* EXERCISE DIRECTIONS: Extract only the lines running from the top of the entries to the line that holds "埃菲尔铁塔 扁平剖面版本3D打印模型". Include that line and omit the pictures.

(Web page caption snippets)
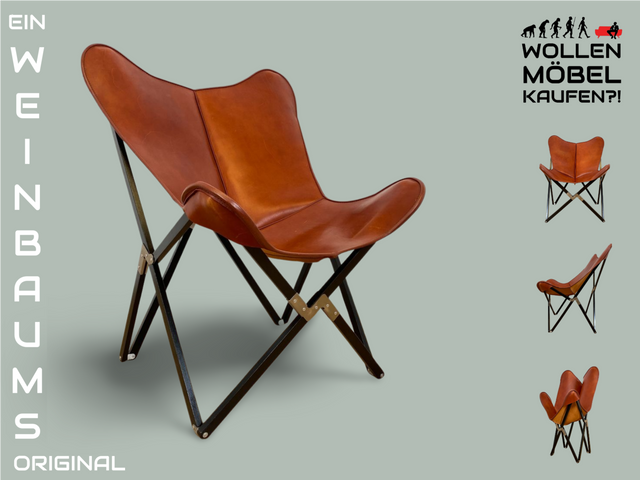 WMK I Das Highlight I Berühmter Designer Butterfly Chair von Weinbaums , zusammenfaltbar, mit hochwertigem Tabakbraunem Echtleder NP 1549€ I Sessel Stuhl Armchair Schmetterlingsstuhl BKF Leder Vintage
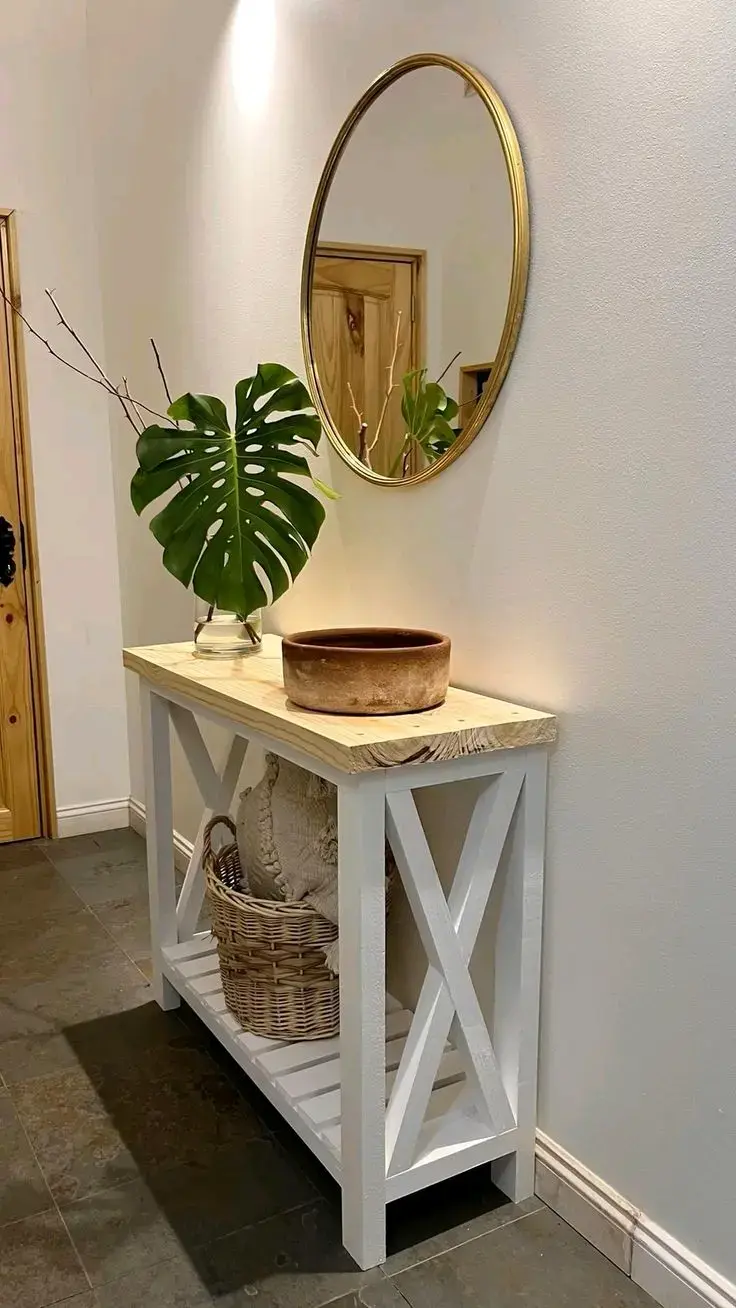 Mesa de Entrada de Madera Rústica - 1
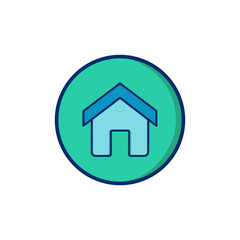 Fototapeta premium Simple house icon within a teal circle on a black background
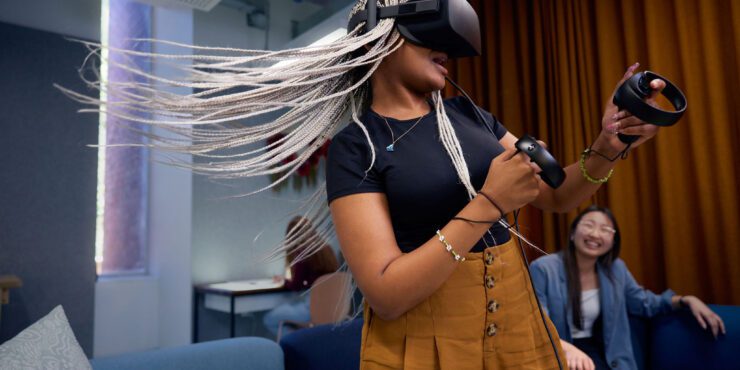 Student using a VR machine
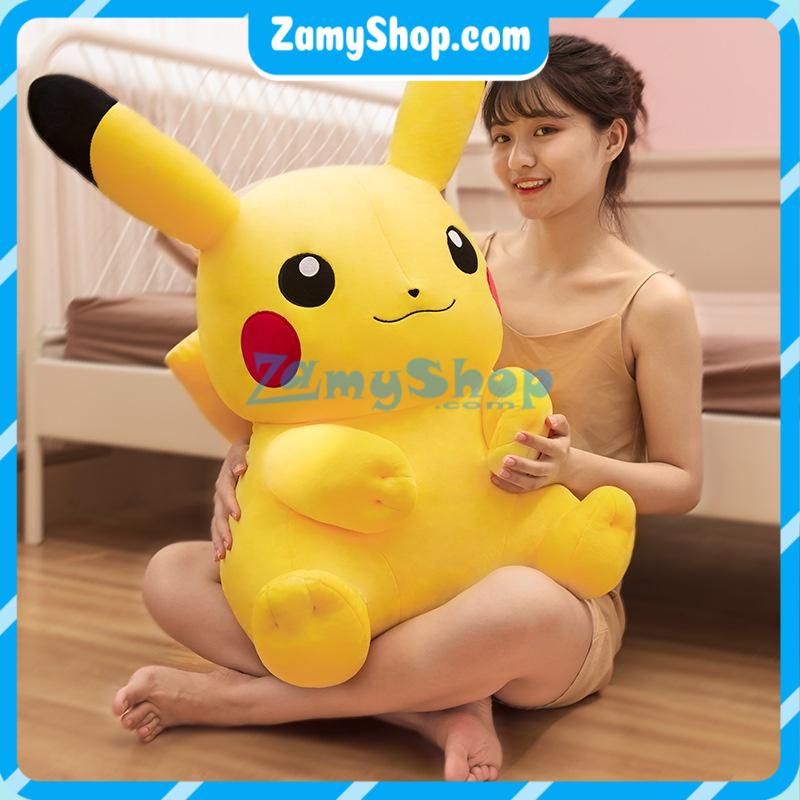 Thú nhồi bông Pikachu gấu bông Pokemon vàng vải nhung siêu to khổng lồ mềm mịn hàng cao cấp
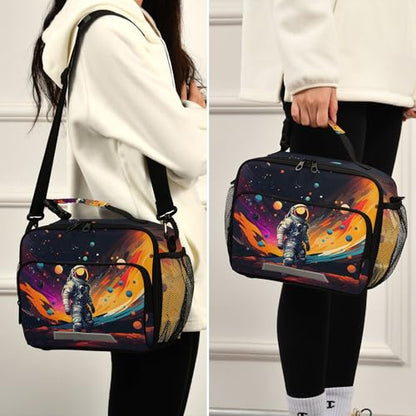MNSRUU Student Lunch Bag Astronaut Starry Sky Insulated DinnerTotes Picnic Bag Lunch Box with Adjustable Shoulder Strap for Teen Kids Adults - color: Astronaut A 0189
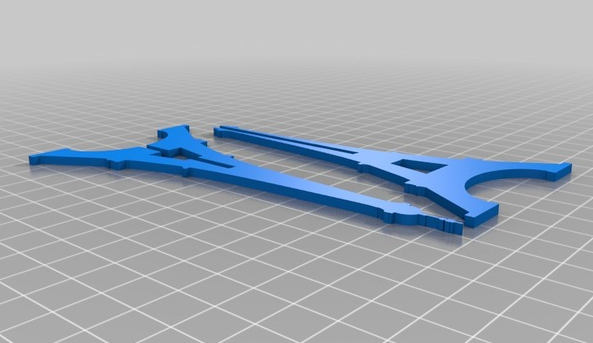 埃菲尔铁塔 扁平剖面版本3D打印模型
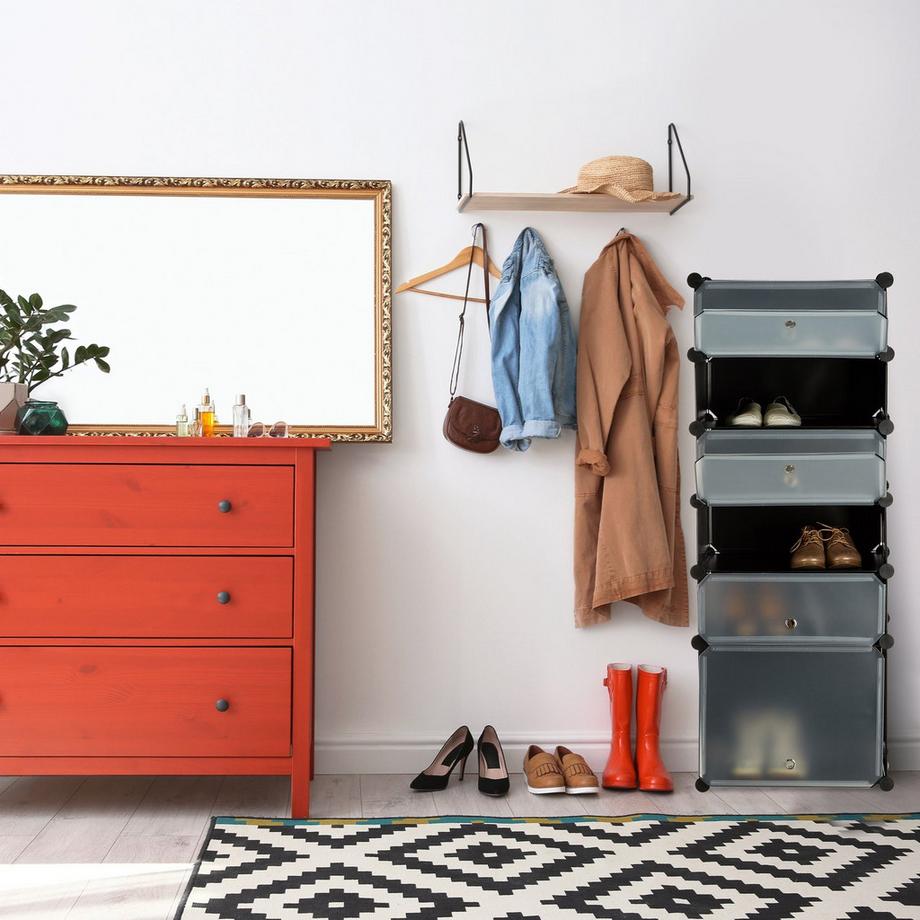 B2X Schuhregal aus Kunststoff mit 6 Fächern  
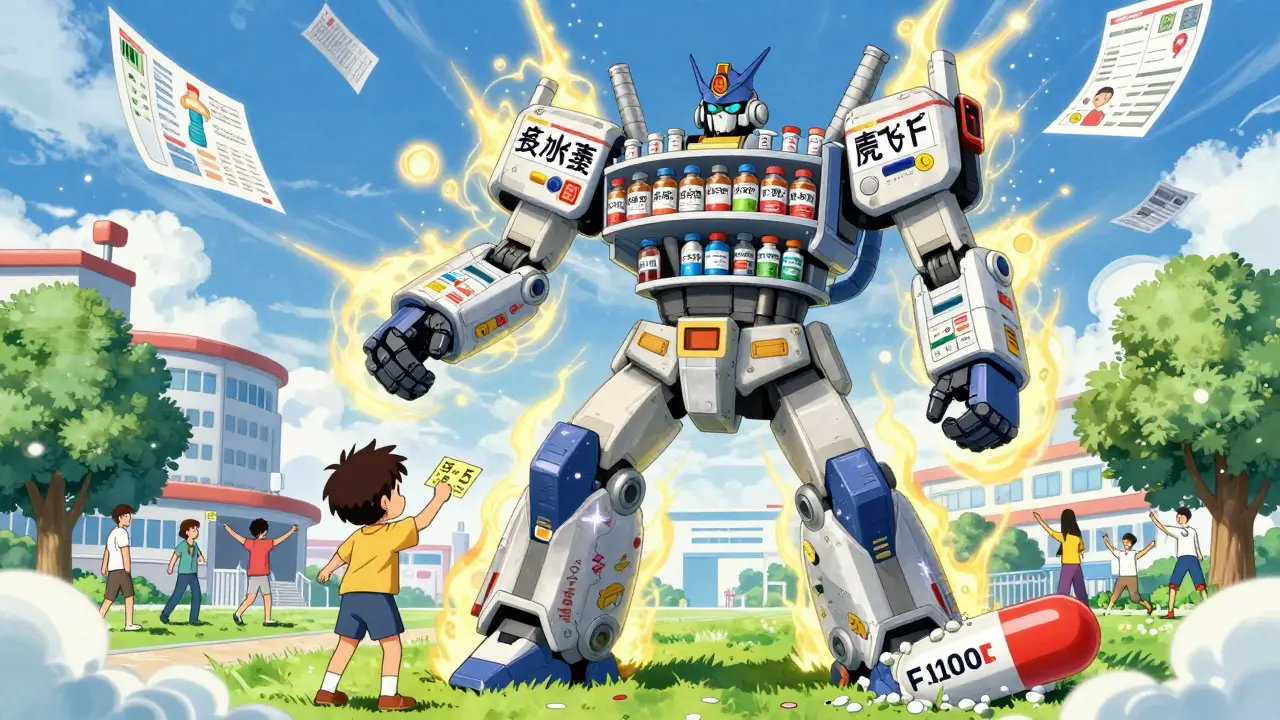A robot-shelf crushes an expensive brand-name pill while offering affordable generics to a child under a healing sky.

* ANSWER:
 WMK I Das Highlight I Berühmter Designer Butterfly Chair von Weinbaums , zusammenfaltbar, mit hochwertigem Tabakbraunem Echtleder NP 1549€ I Sessel Stuhl Armchair Schmetterlingsstuhl BKF Leder Vintage
 Mesa de Entrada de Madera Rústica - 1
 Fototapeta premium Simple house icon within a teal circle on a black background
 Student using a VR machine
 Thú nhồi bông Pikachu gấu bông Pokemon vàng vải nhung siêu to khổng lồ mềm mịn hàng cao cấp
MNSRUU Student Lunch Bag Astronaut Starry Sky Insulated DinnerTotes Picnic Bag Lunch Box with Adjustable Shoulder Strap for Teen Kids Adults - color: Astronaut A 0189
 埃菲尔铁塔 扁平剖面版本3D打印模型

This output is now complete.